Is this the side effect of the boredom? All I want to do is get laid by someone who is not my girlfriend, get trashed, go buy some weed (I don't even have anything to smoke it with what the fuck), get out there and start doing something. Spend money I don't have on things I don't need, destroy, go to the stripclub, make friends with some trailer trash. Get my face lacerated.

]

God damn it, Hobie!

My weird little social web continues to surprise me. Noted author John Grisham (aka Ace the gay fellow I keep working with) is apparently roommates with Matt Vroom, of the antisemitic cartoon strip "I Hate Pam!" I like learning about everyone else's weird little lives, John all getting his stomach pumped last weekend, Vroom welding his bumper back onto his car at 8 in the morning, shit, man, I did not get much sleep, and it's starting to wear away at my writing. But it's fine, OK?
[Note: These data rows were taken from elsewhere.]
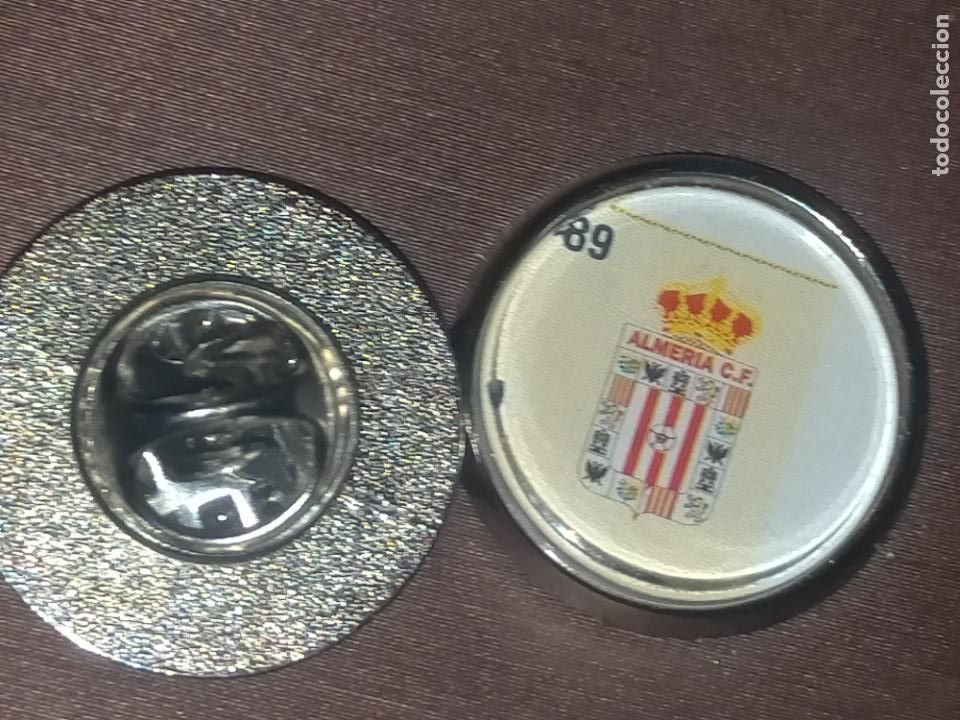 Collection pins: PIN REDONDO METAL - FUTBOL CLUB escudo EQUIPO - Almer&iacute;a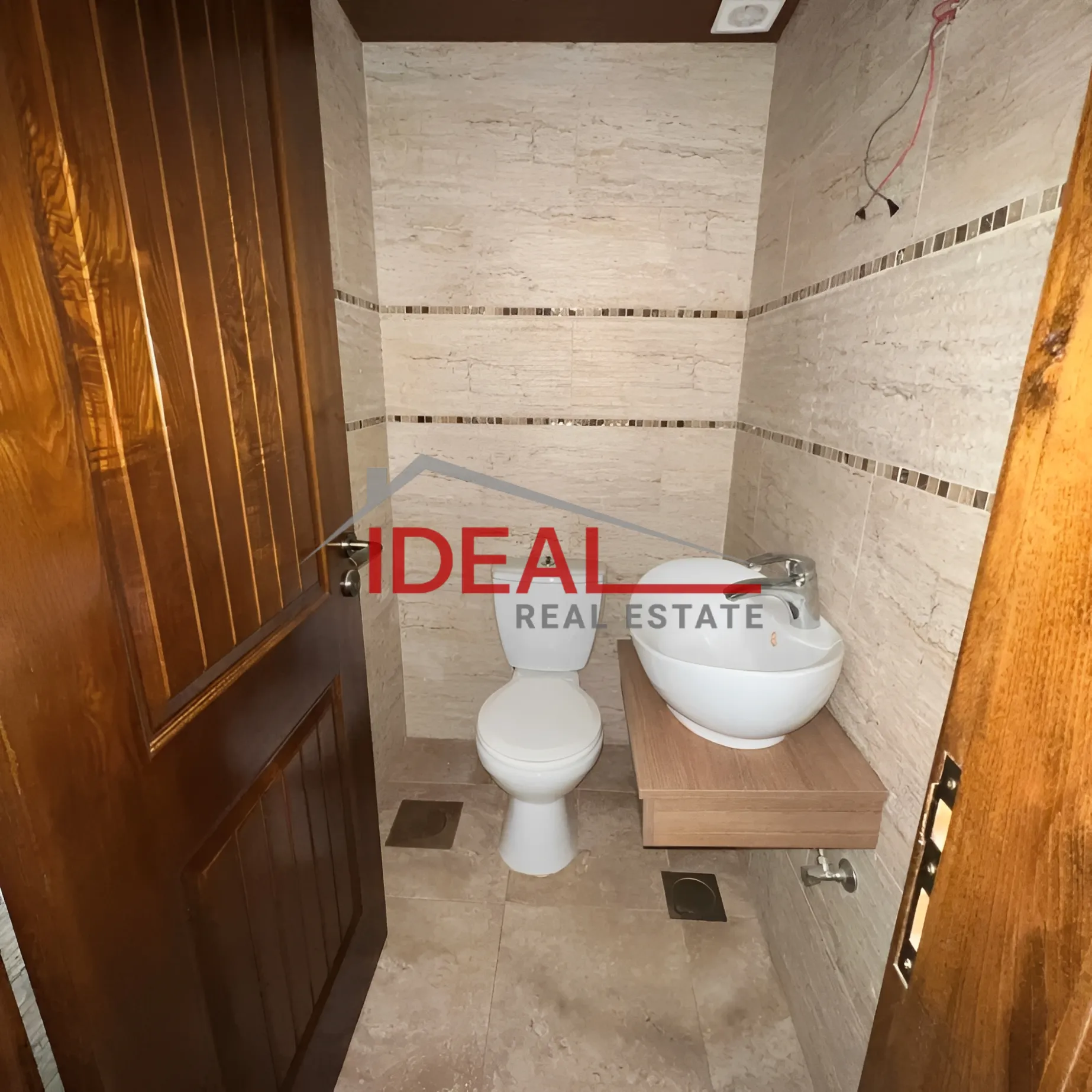 Apartment for Sale in Aabrine, Lebanon - 2 bed, 2 bath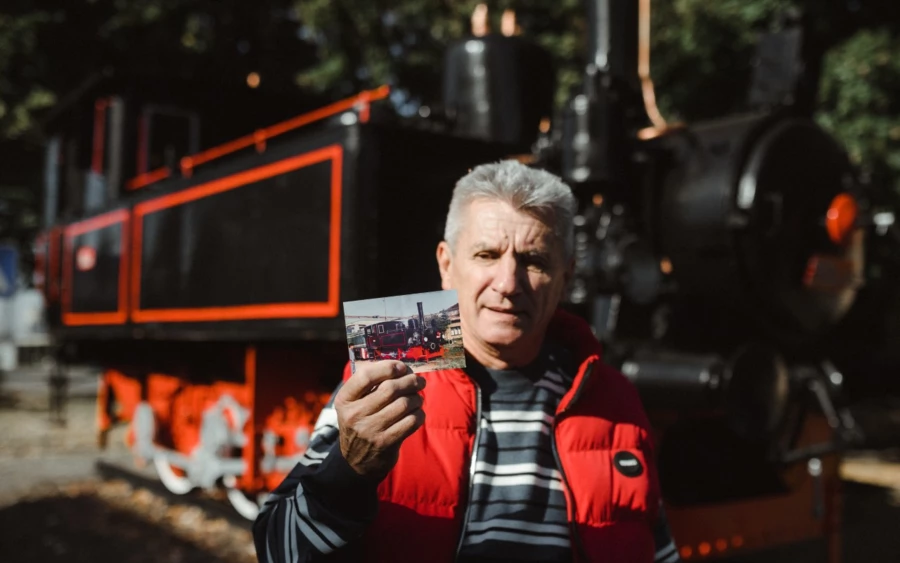 Újra régi fényében pompázik a gőzmozdony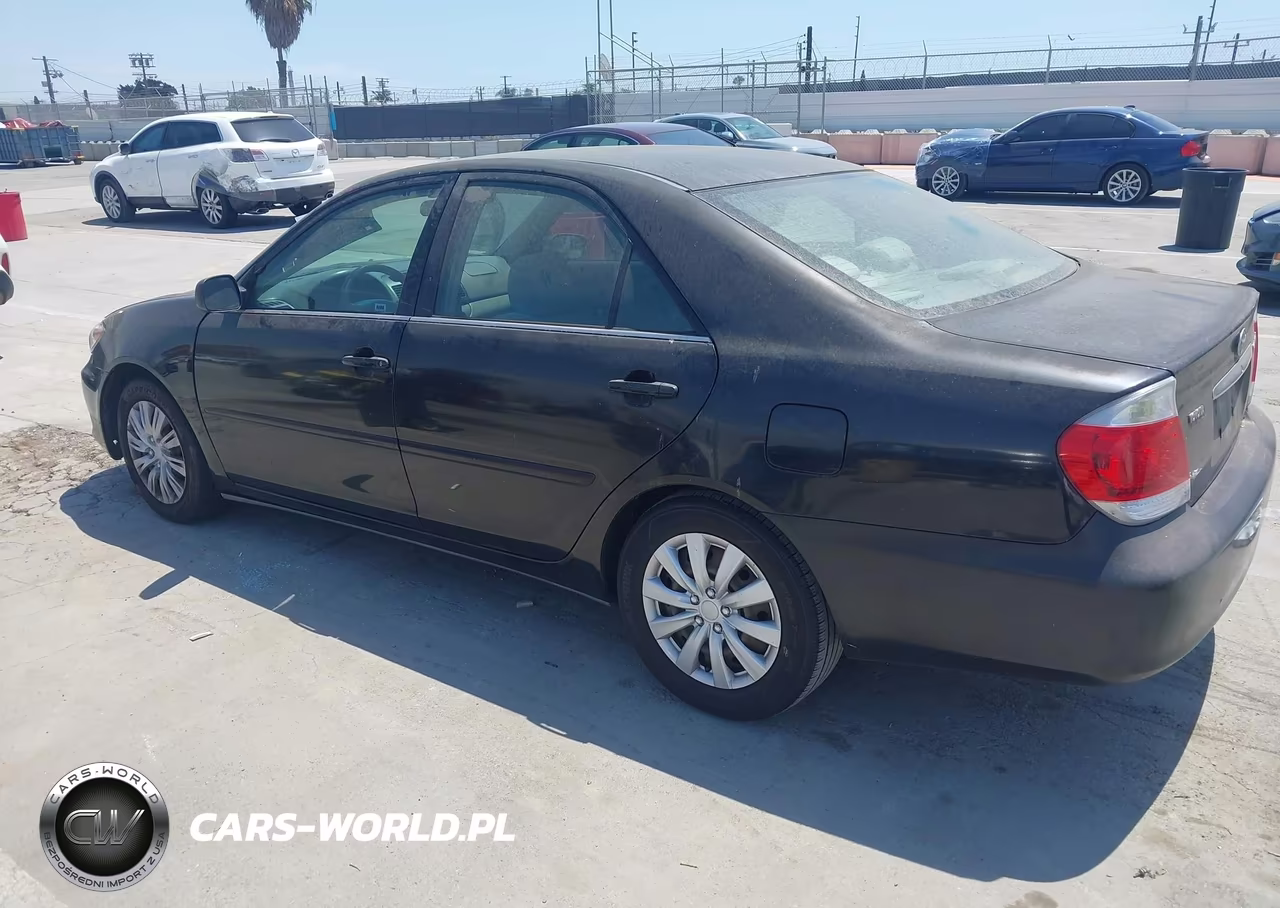 2005 Toyota Camry Le VIN:4T1BE32K05U016477 - 3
It occurs to me that I have not been in a comfortable temperature for some time now. I've gone from my room to outside to my car to work and back, and they're. all. hot. And yet... somehow... I enjoy this.
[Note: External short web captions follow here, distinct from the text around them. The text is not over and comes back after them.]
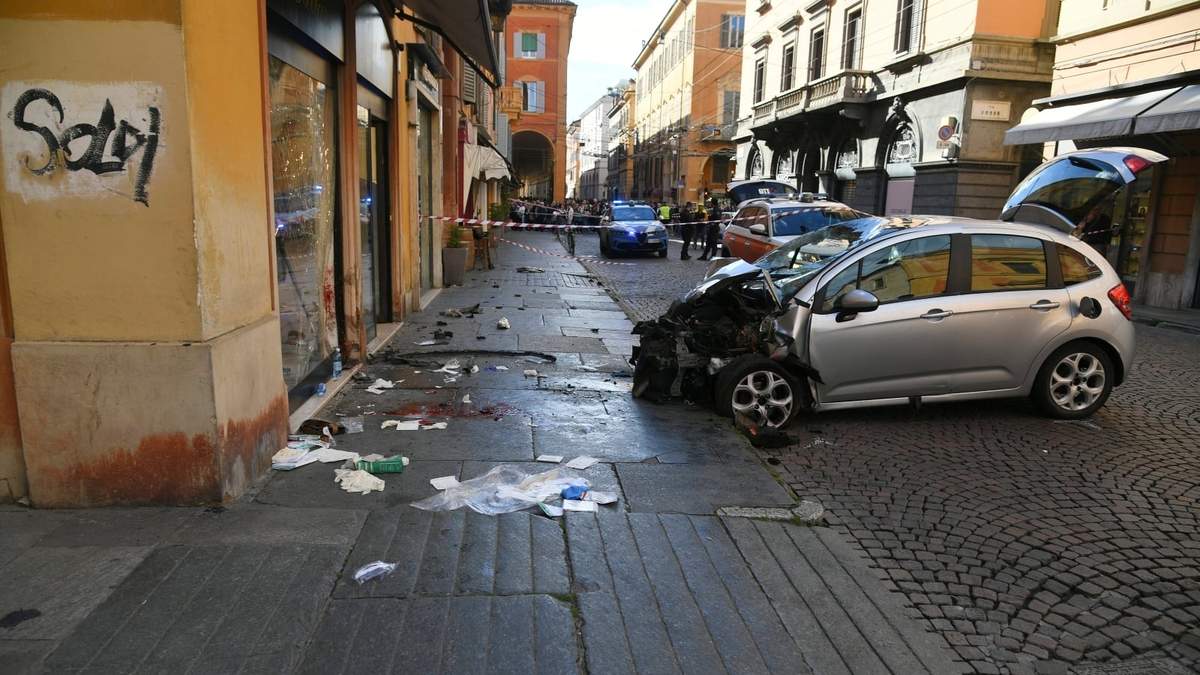Escena posterior al atropellamiento de varias personas en una calle de Módena, Italia
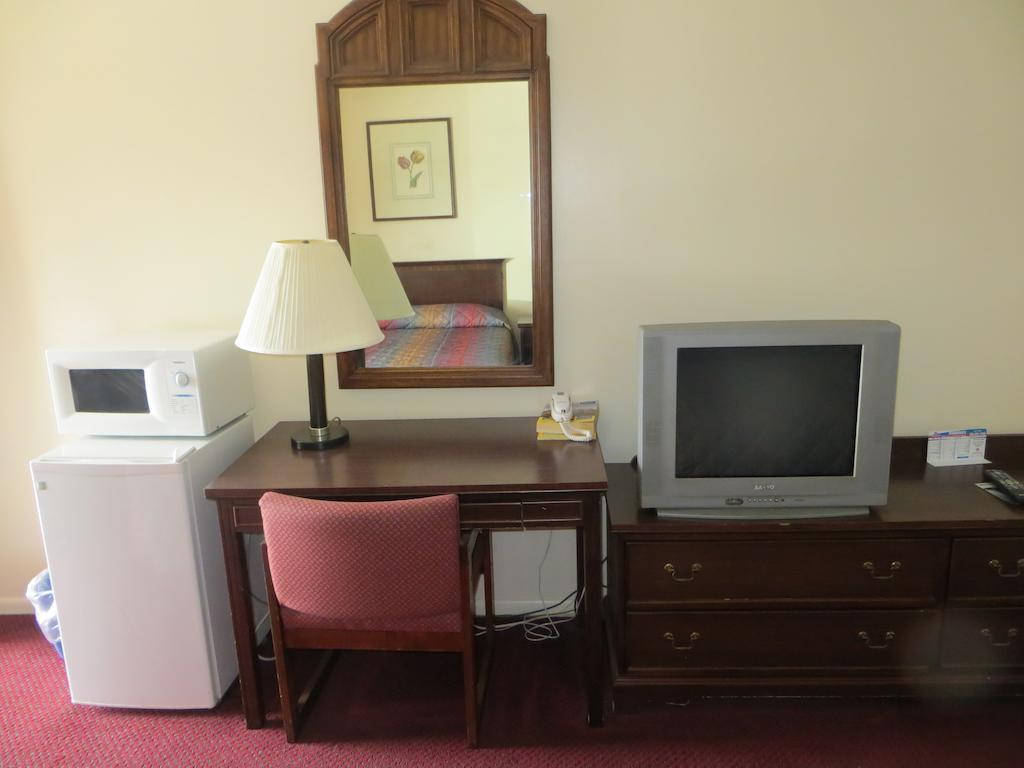 Traveler'S Lodge Salina Room photo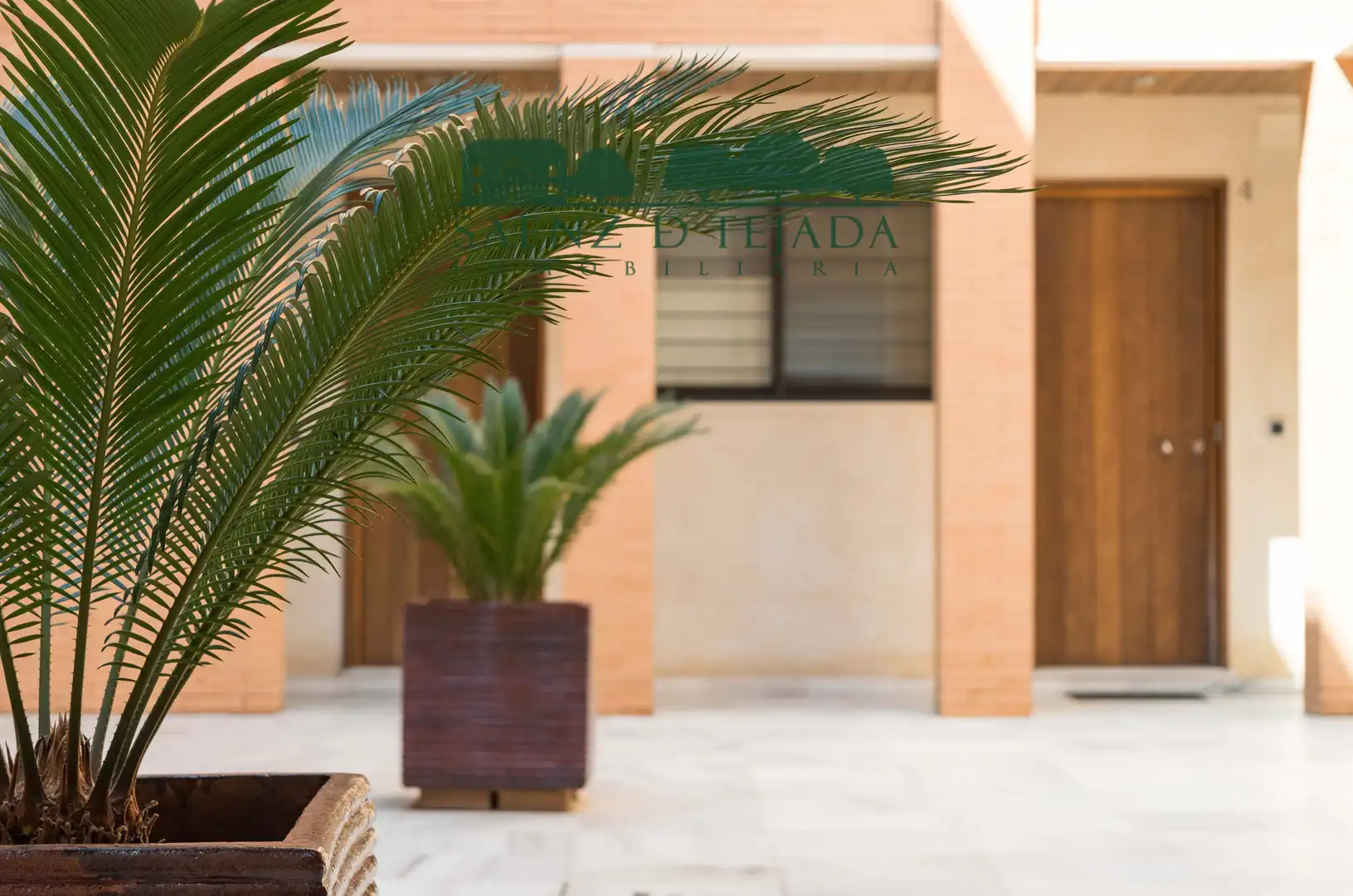 Terrassa de Estudi de lloguer en  Sevilla Capital amb Aire condicionat, Calefacció i Parquet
I've got myself nicely deluded that the girls are making multiple visits to the store or multiple calls for deliveries, not for the sweet chocolatey goodness, but for another glimpse of the old Nate ass. Maybe they aren't the cream of the crop, but they have breasts and parts that I can focus on, unlike that beast from the other night... Besides, I'm so critical of female aesthetics that no one could get by unscathed. THE SCRUTINY! Anyway, I'm thinkin' they want the other Tasti D'Lite we have to offer, you know what I'm sayin'?

Good, now explain it to me. I have been doing some "Eyes Open Hypnosis (While You Read!)" for "Total Self-Confidence." Maybe this is just the first step!

Smacko is definitely single then. I am excited about trying to get him some sluts, theory being that I will get any horrible trickle down that he rejects. However, how can I gently let him now that he needs to get rid of those fucking bangs right fucking now? We need to queer eye his ass.

This is a shitty, confusing entry. I blame Something Corporate some more.